Degraded Performance of Phrase Orchestrator (EU & US) Workflow Engine Component between October 10, 10:10 AM CEST and October 10, 01:00 PM CEST

Incident Report for Phrase

Postmortem

Root Cause Analysis

October 10, 2025

Introduction

We would like to share more details about the events that occurred with Phrase Orchestrator (EU & US) between 10:05 AM CEST and 01:00 PM CEST on October 10, 2025 which led to delayed workflow executions for non-scheduled workflows and what Phrase engineers are doing to prevent these issues from reoccurring.

Timeline

10:05 AM CEST: Our logging system showed repeated errors after introducing a change to Orchestrator’s system dependencies.

11:54 AM CEST: Through our monitoring system, Orchestrator engineers observed that workflows were not being processed by the Orchestrator workflow engine component. They began investigating and quickly identified the root cause - a recent system dependency change.

12:09 PM CEST: Our engineers prepared a rollback of the problematic change.

01:00 PM CEST: The rollback was successful. The workflow engine component began processing queued workflows again.

03:15 PM CEST: Orchestrator engineers confirmed the queue had cleared.

Root Cause

There was an update to a dependency which checks if the Workflow Engine component is under undue load. Due to a change in behavior of this dependency, the Workflow Builder component was unable to receive accurate load data from the Workflow Engine component. A, as a consequence, Orchestrator’s fail-safe mechanism activated to prevent data loss, causing no further workflows to execute in the workflow engine.
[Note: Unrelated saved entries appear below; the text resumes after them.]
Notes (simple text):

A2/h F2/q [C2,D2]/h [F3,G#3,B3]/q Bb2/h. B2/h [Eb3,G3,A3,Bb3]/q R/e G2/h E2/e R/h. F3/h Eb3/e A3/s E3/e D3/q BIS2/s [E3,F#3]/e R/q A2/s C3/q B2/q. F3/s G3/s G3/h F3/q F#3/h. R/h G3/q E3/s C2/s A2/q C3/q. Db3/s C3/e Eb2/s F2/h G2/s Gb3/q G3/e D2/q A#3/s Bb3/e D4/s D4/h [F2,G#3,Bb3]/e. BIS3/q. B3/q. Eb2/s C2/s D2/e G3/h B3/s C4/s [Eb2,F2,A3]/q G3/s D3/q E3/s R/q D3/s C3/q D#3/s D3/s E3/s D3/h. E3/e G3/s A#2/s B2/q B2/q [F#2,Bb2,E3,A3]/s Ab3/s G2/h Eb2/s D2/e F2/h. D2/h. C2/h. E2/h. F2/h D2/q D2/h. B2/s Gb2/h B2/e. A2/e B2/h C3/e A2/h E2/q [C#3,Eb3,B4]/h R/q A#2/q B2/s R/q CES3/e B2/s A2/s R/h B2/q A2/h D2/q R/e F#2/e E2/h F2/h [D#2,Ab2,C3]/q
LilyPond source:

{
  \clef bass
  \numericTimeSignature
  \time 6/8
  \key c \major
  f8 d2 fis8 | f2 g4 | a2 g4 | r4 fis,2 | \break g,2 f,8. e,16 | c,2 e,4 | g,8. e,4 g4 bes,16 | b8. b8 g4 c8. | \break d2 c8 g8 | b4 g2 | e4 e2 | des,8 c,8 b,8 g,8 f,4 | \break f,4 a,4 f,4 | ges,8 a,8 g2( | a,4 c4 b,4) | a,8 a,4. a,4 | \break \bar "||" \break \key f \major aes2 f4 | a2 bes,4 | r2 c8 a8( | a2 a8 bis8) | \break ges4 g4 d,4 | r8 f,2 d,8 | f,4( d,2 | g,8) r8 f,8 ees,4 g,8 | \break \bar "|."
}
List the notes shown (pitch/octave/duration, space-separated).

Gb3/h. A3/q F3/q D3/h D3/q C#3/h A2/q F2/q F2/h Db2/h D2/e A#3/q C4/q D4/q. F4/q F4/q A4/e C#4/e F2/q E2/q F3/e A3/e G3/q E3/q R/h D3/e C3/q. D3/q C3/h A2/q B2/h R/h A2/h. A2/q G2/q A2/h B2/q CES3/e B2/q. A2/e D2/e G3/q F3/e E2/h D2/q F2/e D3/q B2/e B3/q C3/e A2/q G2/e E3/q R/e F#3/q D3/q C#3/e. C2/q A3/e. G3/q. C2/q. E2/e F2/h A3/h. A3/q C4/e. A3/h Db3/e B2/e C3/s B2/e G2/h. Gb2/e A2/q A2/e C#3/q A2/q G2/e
Actions to Prevent Recurrence

To prevent similar incidents in the future will improve our alerting around error logs. Additionally, we have identified further improvements for our alerting system that will notify us earlier in case of workflows not being processed. We will also speed up the process of rolling back releases in order to revert changes faster.
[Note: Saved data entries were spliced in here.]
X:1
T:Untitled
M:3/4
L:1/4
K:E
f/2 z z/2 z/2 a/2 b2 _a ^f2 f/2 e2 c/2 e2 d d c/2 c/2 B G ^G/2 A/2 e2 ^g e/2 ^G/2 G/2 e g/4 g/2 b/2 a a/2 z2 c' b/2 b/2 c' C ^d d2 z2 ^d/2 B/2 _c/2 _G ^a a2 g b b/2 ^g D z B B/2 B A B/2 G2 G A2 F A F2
Posted Oct 14, 2025 - 13:57 CEST

Resolved

This incident has been resolved.
Posted Oct 10, 2025 - 15:34 CEST

Monitoring

Recovery is in progress across both EU and US regions, and the queues are currently being processed.
Customers might still experience delayed workflow executions while the backlog is cleared. We are closely monitoring the situation to ensure full stability.
Posted Oct 10, 2025 - 13:21 CEST

Investigating

Phrase Orchestrator (EU & US) has been experiencing degraded performance. The engineering team is investigating the issue. We apologize for any inconvenience caused.
Posted Oct 10, 2025 - 12:52 CEST
This incident affected: Phrase Orchestrator (EU) (Legacy Workflow Engine) and Phrase Orchestrator (US) (Legacy Workflow Engine).